Early convolutional neural networks (CNNs) for microscopy image segmentation [2] learn features from image patches to label the center-pixel in each patch. Later CNNs [1] use an autoencoder design to extract features from entire brain volumes for lesion segmentation. U-Net [11] localizes objects better by extending the symmetric-autoencoder design to combine high-resolution features from the encoding path with upsampled outputs in the decoding path. Also, U-Net training gives larger weights to misclassification at pre-computed pixel locations heuristically estimated to be close to object boundaries. Similarly, DCAN [4] explicitly adds an additional branch in its FCN to predict the pixel locations close to true object contours. V-Net [9] eliminates U-Net’s heuristic weighting scheme through a loss function based on the Dice similarity coefficient (DSC) to handle a severe imbalance between the number of foreground and background voxels. These segmentation methods lead to reduced precision near object boundaries because of limited context (patches) [2], tiling [11], or subsampling [9]. All these methods rely solely on strong supervision via high-quality, but high-cost, dense segmentations. In contrast, our MS-Net also leverages weak supervision through low-cost input in the form of bounding boxes and landmarks. We improve V-Net’s scheme of using DSC by continuously refocusing the learning on a subset of pixels with predicted class probabilities farthest from their true labels.

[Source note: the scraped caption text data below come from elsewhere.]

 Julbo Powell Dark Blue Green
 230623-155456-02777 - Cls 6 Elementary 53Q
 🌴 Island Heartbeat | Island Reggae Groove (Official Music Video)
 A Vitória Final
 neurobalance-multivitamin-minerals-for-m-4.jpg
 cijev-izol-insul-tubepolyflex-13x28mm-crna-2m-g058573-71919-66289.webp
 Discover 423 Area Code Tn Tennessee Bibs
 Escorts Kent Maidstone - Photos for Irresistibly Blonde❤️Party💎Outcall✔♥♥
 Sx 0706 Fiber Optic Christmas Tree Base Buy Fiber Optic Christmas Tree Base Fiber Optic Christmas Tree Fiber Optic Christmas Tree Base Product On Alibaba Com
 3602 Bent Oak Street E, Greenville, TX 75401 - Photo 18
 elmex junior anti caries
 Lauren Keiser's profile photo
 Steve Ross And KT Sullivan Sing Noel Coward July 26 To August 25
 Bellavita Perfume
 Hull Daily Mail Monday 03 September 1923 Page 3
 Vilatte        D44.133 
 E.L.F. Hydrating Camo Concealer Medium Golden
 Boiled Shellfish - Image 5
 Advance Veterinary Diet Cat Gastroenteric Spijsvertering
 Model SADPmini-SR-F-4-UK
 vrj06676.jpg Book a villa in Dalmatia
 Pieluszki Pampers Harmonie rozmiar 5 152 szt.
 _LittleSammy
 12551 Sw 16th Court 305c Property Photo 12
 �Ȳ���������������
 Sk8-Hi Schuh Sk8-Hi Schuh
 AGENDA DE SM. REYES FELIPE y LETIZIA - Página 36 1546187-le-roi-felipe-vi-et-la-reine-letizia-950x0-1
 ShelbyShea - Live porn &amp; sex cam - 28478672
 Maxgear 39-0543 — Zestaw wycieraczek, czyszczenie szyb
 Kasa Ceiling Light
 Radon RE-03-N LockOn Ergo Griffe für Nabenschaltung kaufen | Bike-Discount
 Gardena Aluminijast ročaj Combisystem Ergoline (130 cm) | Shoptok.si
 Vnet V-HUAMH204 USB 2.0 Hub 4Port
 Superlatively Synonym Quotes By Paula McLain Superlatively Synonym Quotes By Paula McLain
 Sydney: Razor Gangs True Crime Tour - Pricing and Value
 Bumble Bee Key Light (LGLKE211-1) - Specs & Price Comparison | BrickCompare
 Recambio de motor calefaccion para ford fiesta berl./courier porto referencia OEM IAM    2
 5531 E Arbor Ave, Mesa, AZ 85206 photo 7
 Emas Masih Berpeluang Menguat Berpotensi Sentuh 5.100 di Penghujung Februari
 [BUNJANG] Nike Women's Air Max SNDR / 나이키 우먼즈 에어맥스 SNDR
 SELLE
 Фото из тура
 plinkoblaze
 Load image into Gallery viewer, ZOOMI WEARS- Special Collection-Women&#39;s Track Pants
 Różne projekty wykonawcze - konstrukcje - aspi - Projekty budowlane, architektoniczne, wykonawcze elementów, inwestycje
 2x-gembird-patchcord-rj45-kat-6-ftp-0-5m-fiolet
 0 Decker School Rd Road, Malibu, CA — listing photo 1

Instance segmentation methods like Mask R-CNN [5] simultaneously detect (via bounding boxes) and segment (via per-pixel labels) object instances. Mask R-CNN and other architectures [1, 2, 9, 11] cannot preserve full spatial resolution in their feature maps, and are imprecise in localizing object boundaries. For segmenting street scenes, FRRN [10] combines multiscale context and pixel-level localization using two processing streams: one at full spatial resolution to precisely localize object boundaries and another for sequential feature-extraction and pooling to produce an embedding for accurate recognition. We improve over FRRN by leveraging (i) low-cost weak supervision through bounding-boxes and landmarks, (ii) a bootstrapped Dice (BADICE) based loss, and (iii) dilated convolutions to efficiently use larger spatial context for feature extraction.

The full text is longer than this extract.